Chaos in Syria: ISIS Detainees Escape as the U.S. Pulls Out

https://www.newyorker.com/news/our-columnists/chaos-in-syria-isis-detainees-escape-as-the-us-pulls-out

In between rounds at his golf club, on both Saturday and Sunday, President Trump decided that he was done with Syria. He ordered the evacuation of a thousand U.S. Special Forces troops deployed to contain isis, the jihadi movement that still has tens of thousands of members waging an underground insurgency across Syria and Iraq. For five years, the Americans have been the backbone of support—providing air power, intelligence, and strategic advice—for the Syrian Democratic Forces. The Kurdish-led militia did the actual fighting against isis, losing eleven thousand fighters along the way. It evolved into one of the most important U.S. allies anywhere in the Middle East. More than seventy nations joined the coalition backing the S.D.F., but the United States has been the glue holding it together.

As if on cue, on Sunday, hundreds of families and supporters of the Islamic State escaped from a detention center in Ain Issa, in northeastern Syria. The Kurds reported that the black isis flag was soon erected nearby. “Five years of work—undone,” a U.S. official lamented to me, on Sunday.
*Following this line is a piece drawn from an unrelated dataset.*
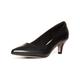 Clarks Women's Linvale Jerica Pump, Black Black Leather*8 UK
Trump’s order to withdraw also prevented U.S. forces from being able to transfer about sixty “high-value” isis prisoners from detention centers in the area controlled by the S.D.F., the Times reported.

The area where U.S. troops have been deployed has disintegrated into chaos since Turkey invaded Syria last week—and President Trump opted to do nothing to stop or discourage President Recep Tayyip Erdoğan’s campaign to destroy U.S. allies in the S.D.F. An estimated hundred and thirty thousand Syrians have fled Turkish air strikes, artillery, and ground operations, according to the United Nations. Hospitals in Kurdish areas in the north have closed. Water is running short.